The expression refers to the smaller gauge railways built by the British Raj a century ago and still working industriously in some parts of India today. Take the Himalayan Queen that descends down the Himalayan foothills from the old British hill station of Shimla in northern India. The Queen rides on a single track of 2 foot 6 inch gauge, descending down from the clouds in Shimla.
Shimla is a former “hill station” built by the British as a summer capital to retreat from the sweltering heat of their regular capital of Calcutta down on the scorching plains. What a Scottish-type village is doing perched on top of a mountain in northern India is hard to fathom. There’s everything from legislative buildings, post office, roller rink, hotels and theatres, all in an excellent state of disrepair. Its cold, wet and windy on the ridge, which makes it a (go figure) attractive summer vacation for honeymooners and the Indian tourists that can afford to come here. Bizarre.
Tired of lugging all of the apparatus of government to Shimla on the backs of thousands of elephants every summer, the British finally built a train, and what a set of tracks! On its 5-hour, 96-kilometre descent down from the Himalayan the train winds its way along at a sedate 22-kilometres per hour through an astounding 102 tunnels – some up to 3,000 feet in length – and an equally amazing 864 bridges, making it one of the most picturesque train trips on the entire planet.
The railway has a steep gradient of one foot in 25, or four percent. The track boasts 919 curves, the sharpest being 48 degrees, which means the front end of the snake-like train can be seen from the back as it enters many of the tunnels. The Guines Book of Records claims the Himalayan Queen run offers the steepest descent in altitude of any train ride in the world. More than two-thirds of the track is curved.
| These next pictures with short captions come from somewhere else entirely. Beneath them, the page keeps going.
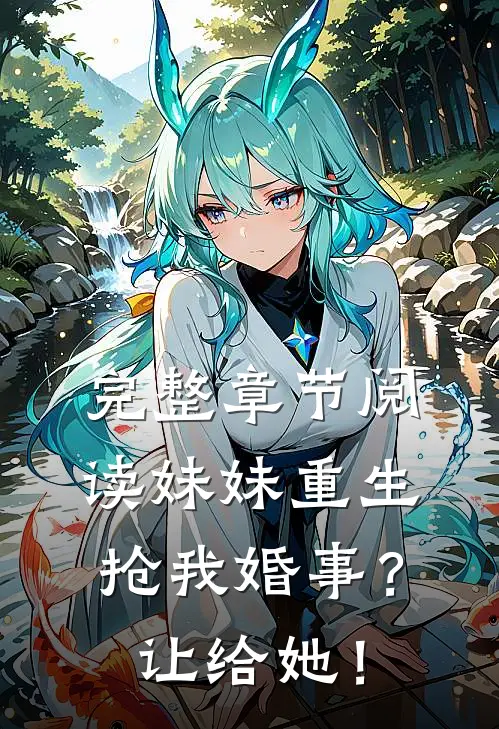 完整章节阅读妹妹重生抢我婚事？让给她！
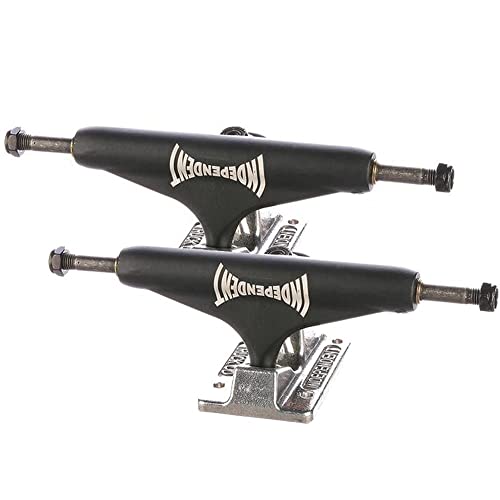 Independent Skate Trucks Ejes de Skateboard 144 Pro Mason Silva blk silv (Set 2)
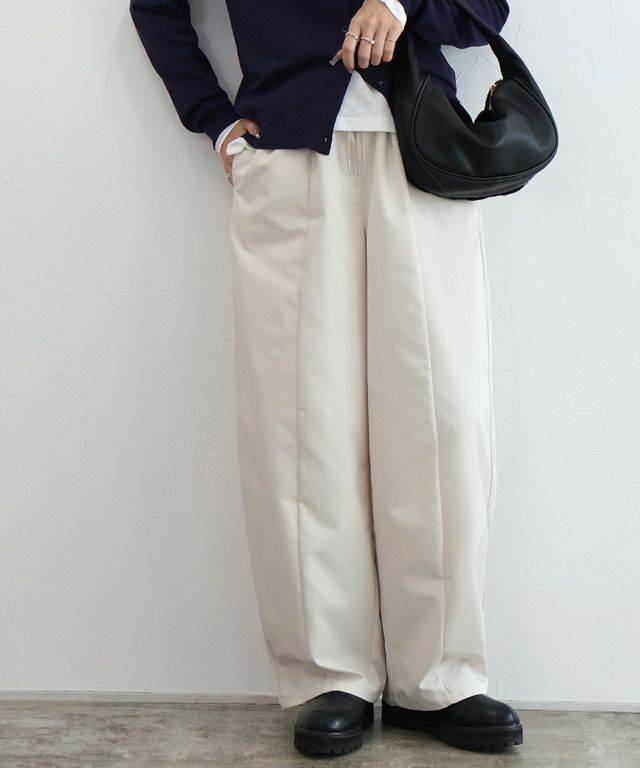 160cm / エクリュ / M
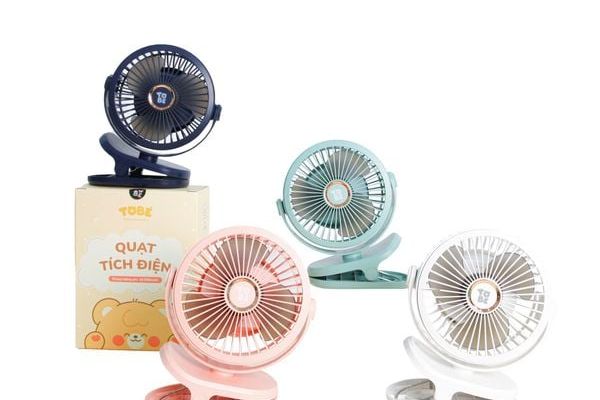 Nhập quạt tích điện, quạt mini usb, quạt làm mát Trung Quốc về Việt Nam Nhập quạt tích điện, quạt mini usb, quạt làm mát Trung Quốc về Việt Nam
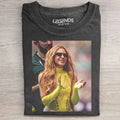 Shakira World Cup 2026 Graphic Shirt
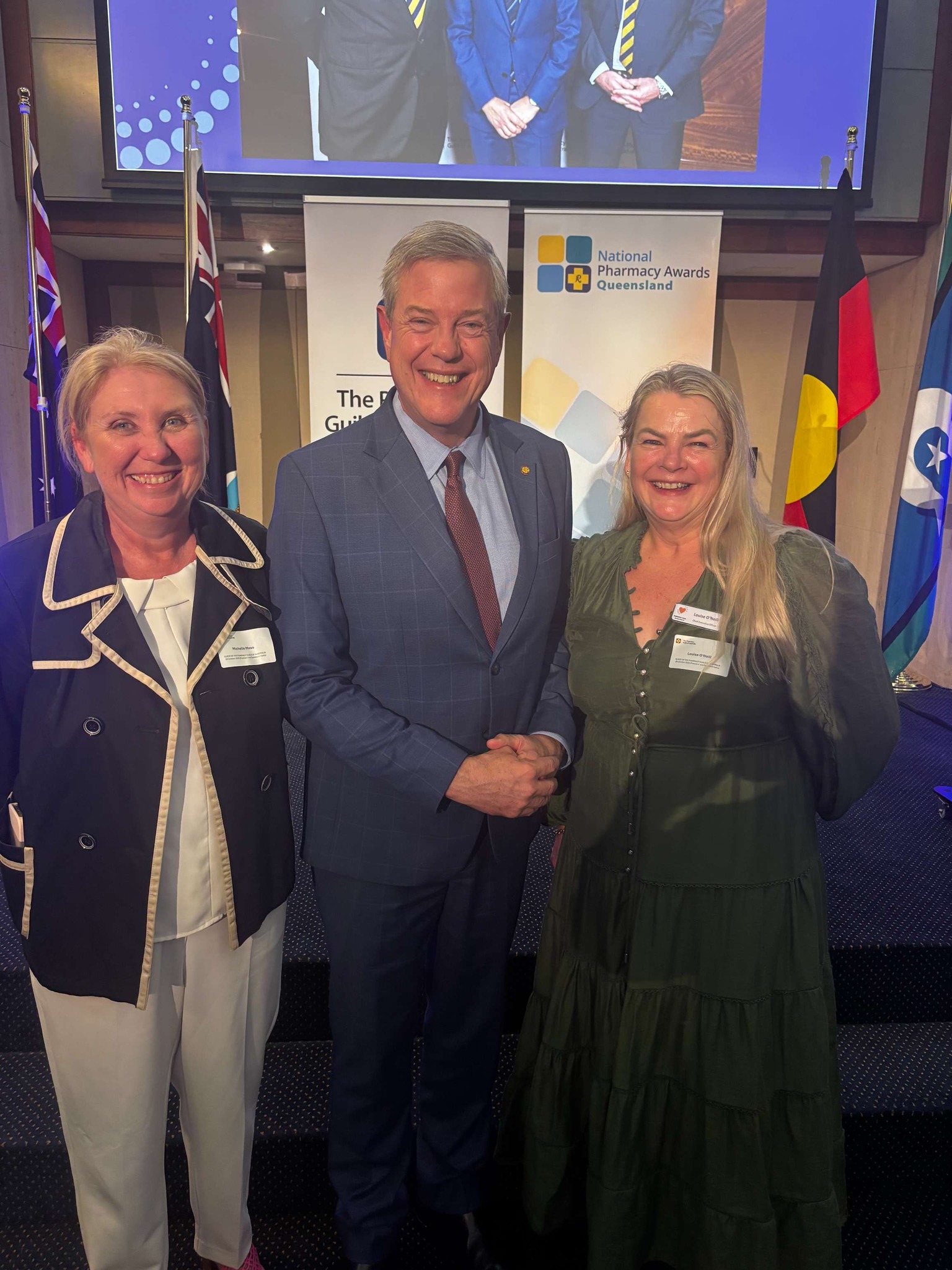 Palliative - Oct 29 was a massive night for PCQ. We were honoured and ...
As the train descends from the clouds it enters into a forest of deodar, pine, ficus, oak and maple, with the pungent odour of pine hanging heavy in the air and endless vistas of lush green misty mountains. Built in 1898 at an astronomical expense of 86 million rupees in order to carry the British colonial government up to its summer home in the mist, the cost of construction doubled during of the project.
The entire system was finally purchased by the Indian government in 1906 for over a billion rupees, opened for passenger traffic in 1903 and, except for occasional mudslides in the monsoon season that wipe out the track, has been functioning regularly ever since. In September of 2007 an expert team from UNESCO visited the railway to review it for selection as a World Heritage Site.
Fares on the toy train are most reasonable, and food can be purchased from station vendors along the route although messy eaters will find that dry cleaning services to remove hot curry sauces are not readily available. Plan ahead and bring a picnic lunch instead, and don’t forget your camera. Larger-sized North Americans will find that the “toy” designation also refers to the size of the seats. Arrive early, grab a window seat, and expect to share it with fellow travelers also keen on a dramatic descent from the hills.